Authors: Jonas Schiffl and Bernhard Beckert

Published in: OASIcs, Volume 129, 6th International Workshop on Formal Methods for Blockchains (FMBC 2025)


Abstract
Compared to other kinds of computer programs, smart contracts have some unique characteristics, e.g., immutability, and the public availability of source code. This means that any vulnerability has a large probability of being exploited. Since smart contracts cannot be patched, it is very important that smart contracts are correct and secure upon deployment. While much research has been invested in this goal, smart contract correctness and security remains a challenging problem. In this paper, we present the Scar approach for model-driven development of correct and secure smart contract applications. Before implementing an application, smart contract developers first describe it in terms of an intuitive, platform-agnostic metamodel. Within this model, they can also specify high-level security and behavioral correctness properties, and check whether the model contains any inconsistencies.
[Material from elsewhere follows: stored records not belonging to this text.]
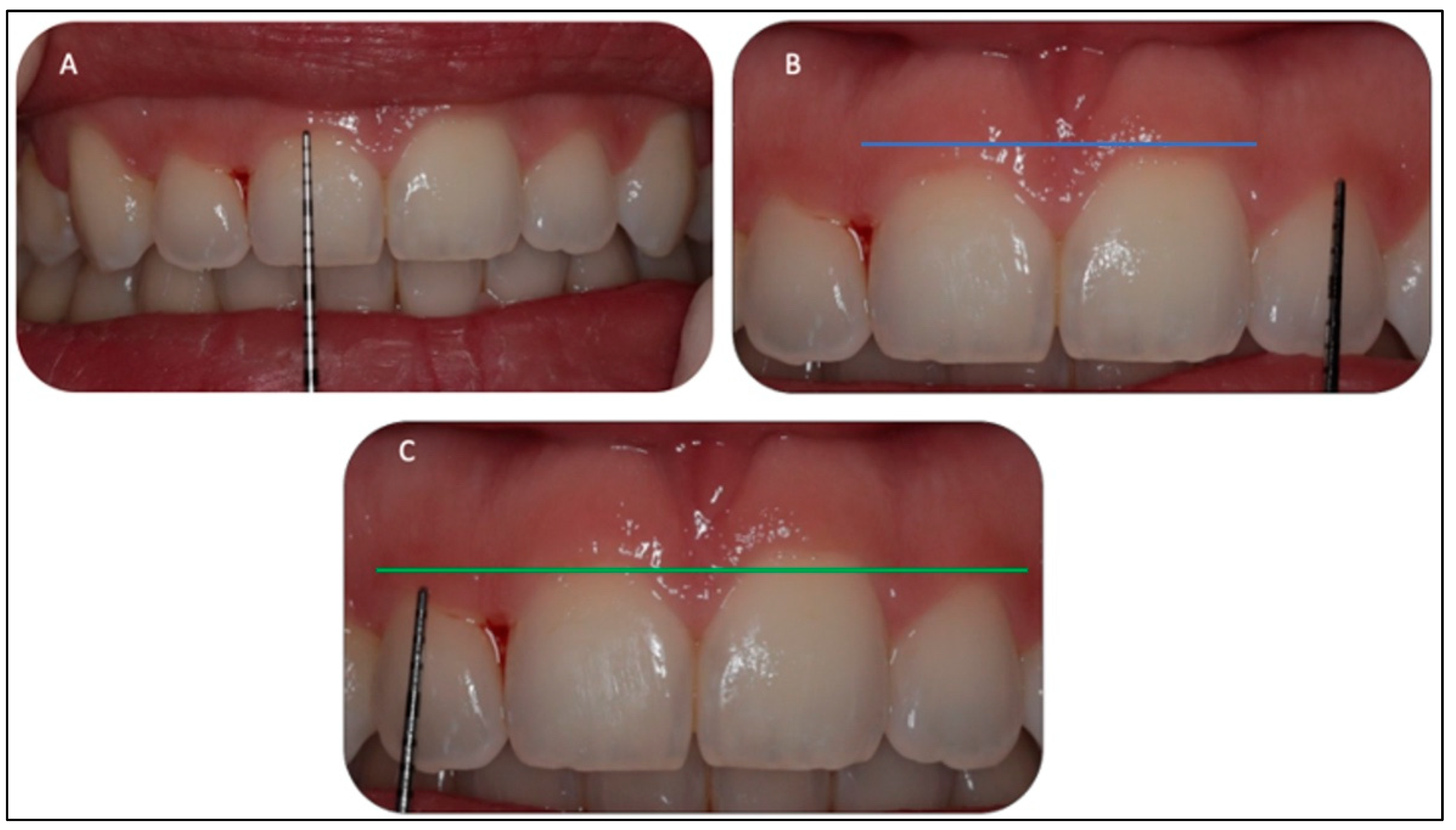 Sensors 22 02263 g003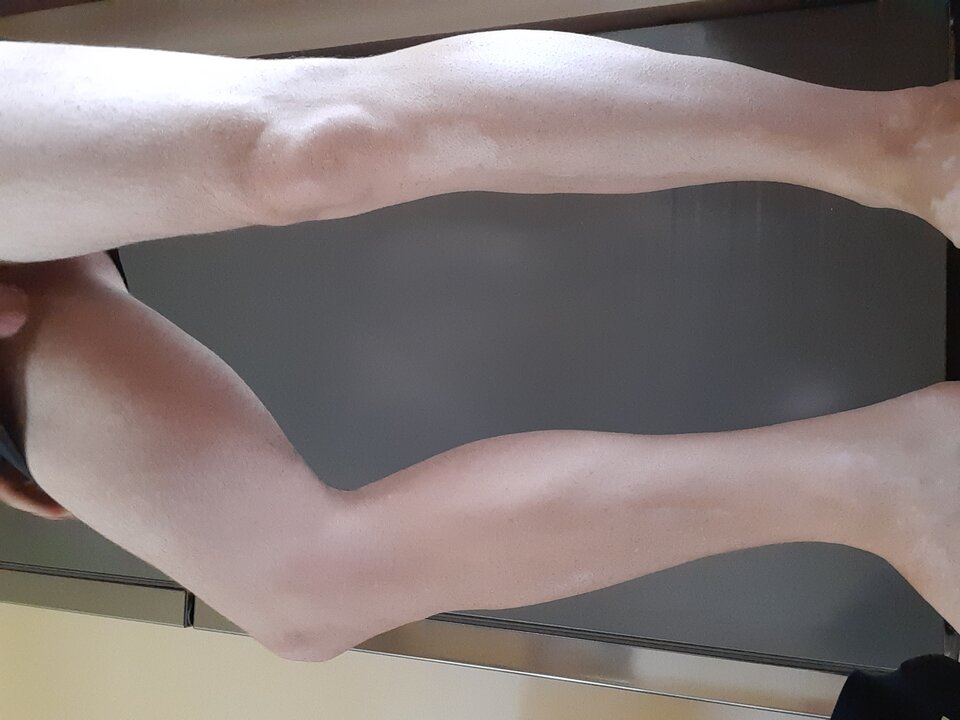 15947065654578928522762417107602.jpg - Palciusia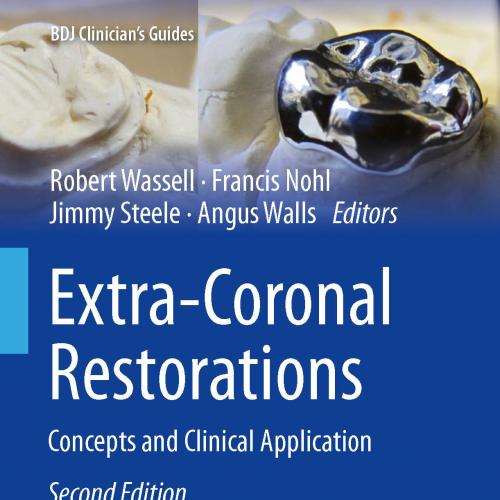 Extra-Coronal Restorations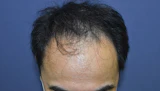 50代 男性 Y.S.さん 生え際 前頭部 自毛植毛（MIRAI法）2,400株の症例｜自毛植毛の症例（手術前）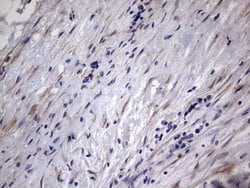MMP7 Monoclonal Antibody (OTI3G7), TrueMAB , OriGene:Antibodies:Primary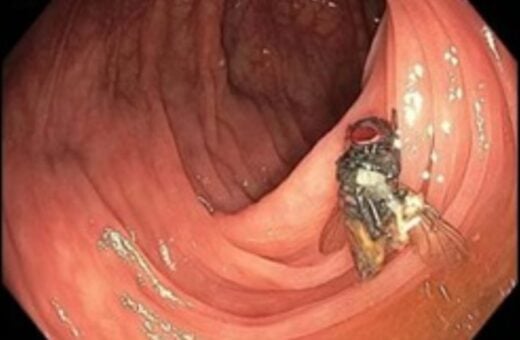 Paciente de 63 anos faz exame e descobre mosca intacta no intestino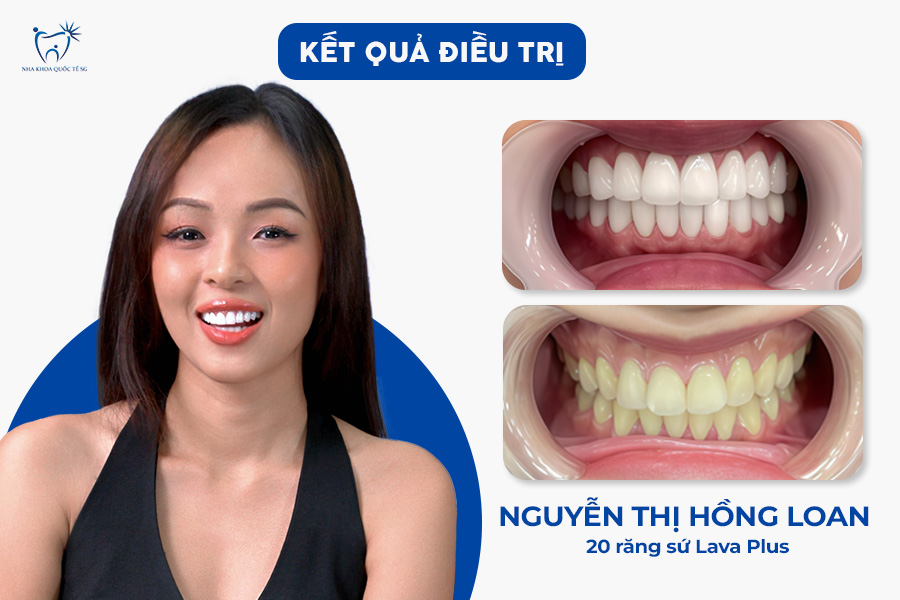 Nha Khoa Quốc Tế Sài Gòn Sự thay đổi rõ rệt sau khi gắn răng sứ thẩm mỹ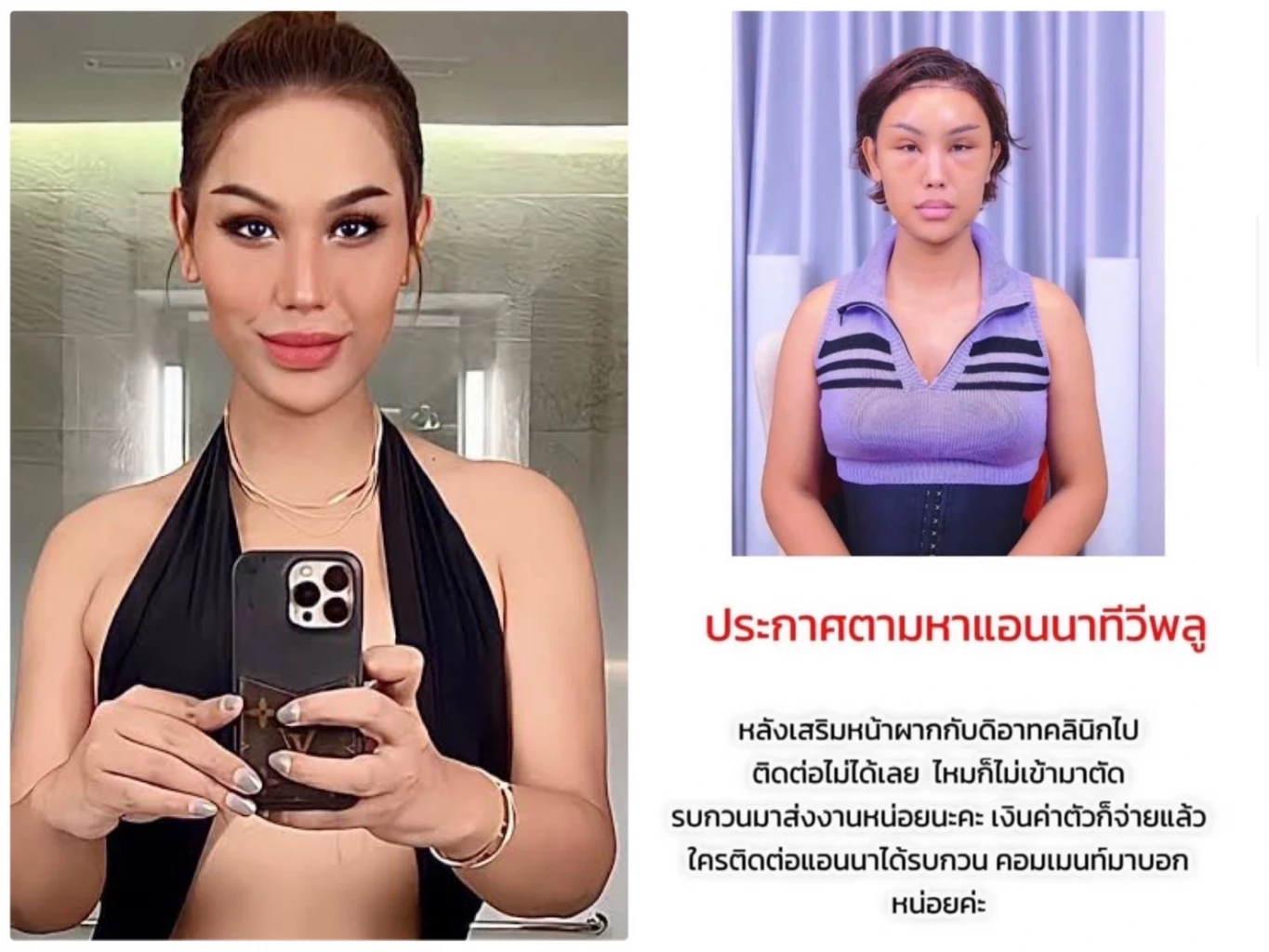 แอนนา! แจงปมหายหน้า ขอโทษรับงานซ้อน ด้าน พุดเดิ้ล ขายบ้านช่วยเพื่อน (มีคลิป)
Finally, a combination of code generation, static analyses, and formal verification of automatically generated formal annotations leads to an implementation that is correct and secure w.r.t. the initial model.

Cite as

Jonas Schiffl and Bernhard Beckert. Scar: Verification-Based Development of Smart Contracts (Tool Paper). In 6th International Workshop on Formal Methods for Blockchains (FMBC 2025). Open Access Series in Informatics (OASIcs), Volume 129, pp. 14:1-14:13, Schloss Dagstuhl – Leibniz-Zentrum für Informatik (2025)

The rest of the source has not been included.